Assignment – For the data below, transcribe the part that opens with the line containing "Once all the" and closes with the line containing "You wanted them", exactly and with no pictures.

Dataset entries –
↓
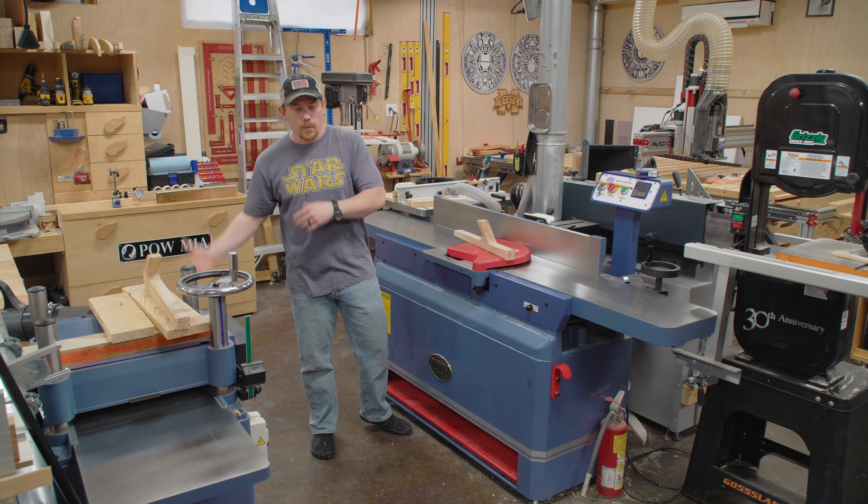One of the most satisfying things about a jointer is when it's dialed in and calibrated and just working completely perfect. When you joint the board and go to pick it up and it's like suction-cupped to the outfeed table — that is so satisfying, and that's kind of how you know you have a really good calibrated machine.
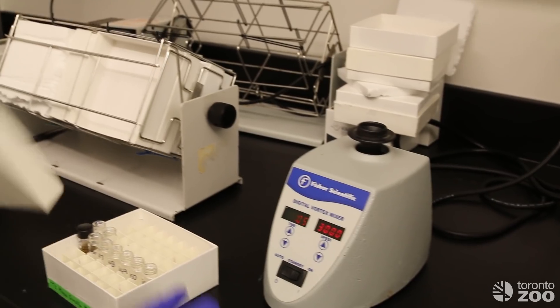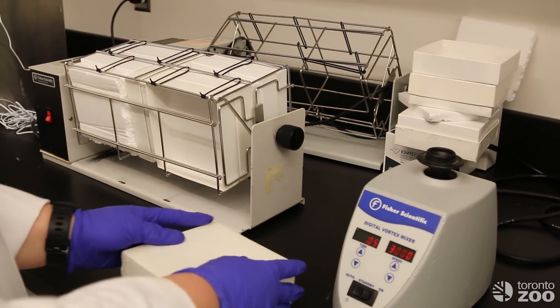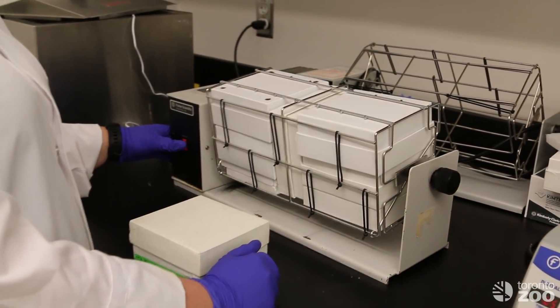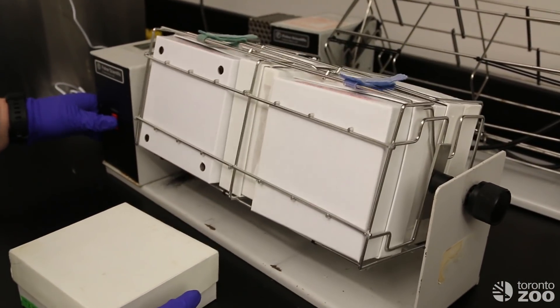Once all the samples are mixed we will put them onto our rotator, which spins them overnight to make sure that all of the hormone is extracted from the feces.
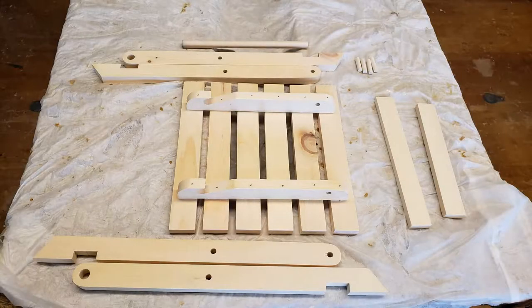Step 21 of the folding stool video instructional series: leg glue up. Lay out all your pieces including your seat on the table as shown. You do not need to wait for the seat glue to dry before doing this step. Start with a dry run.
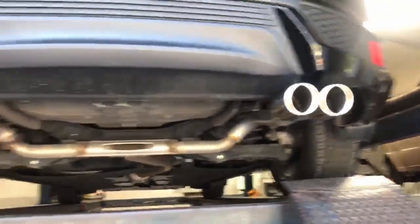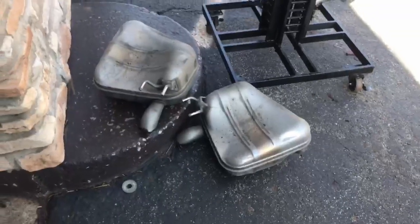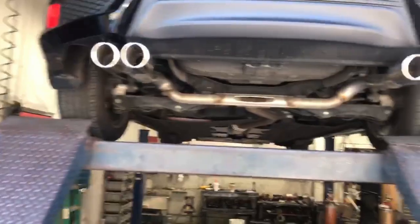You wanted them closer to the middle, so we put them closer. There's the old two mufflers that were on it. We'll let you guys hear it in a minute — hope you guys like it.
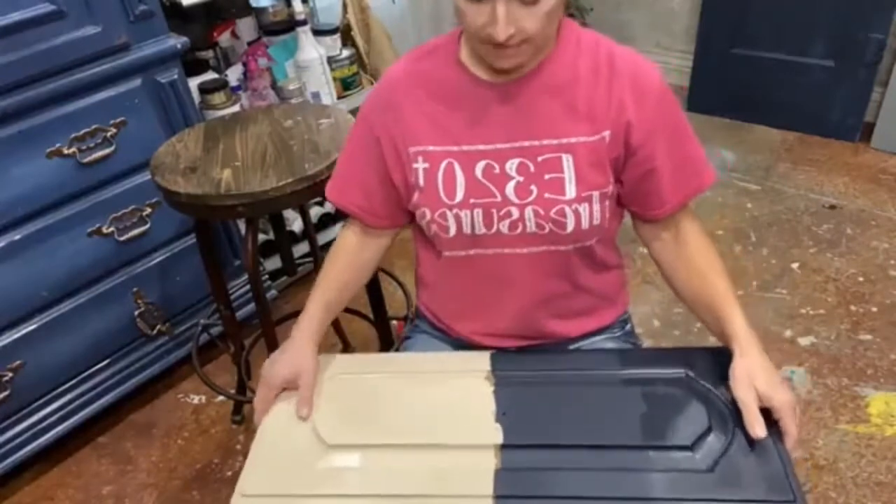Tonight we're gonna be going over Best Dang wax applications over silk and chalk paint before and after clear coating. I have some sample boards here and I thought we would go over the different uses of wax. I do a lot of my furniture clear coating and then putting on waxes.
↑
The answer –
Once all the samples are mixed we will put them onto our rotator, which spins them overnight to make sure that all of the hormone is extracted from the feces.
Step 21 of the folding stool video instructional series: leg glue up. Lay out all your pieces including your seat on the table as shown. You do not need to wait for the seat glue to dry before doing this step. Start with a dry run.
You wanted them closer to the middle, so we put them closer. There's the old two mufflers that were on it. We'll let you guys hear it in a minute — hope you guys like it.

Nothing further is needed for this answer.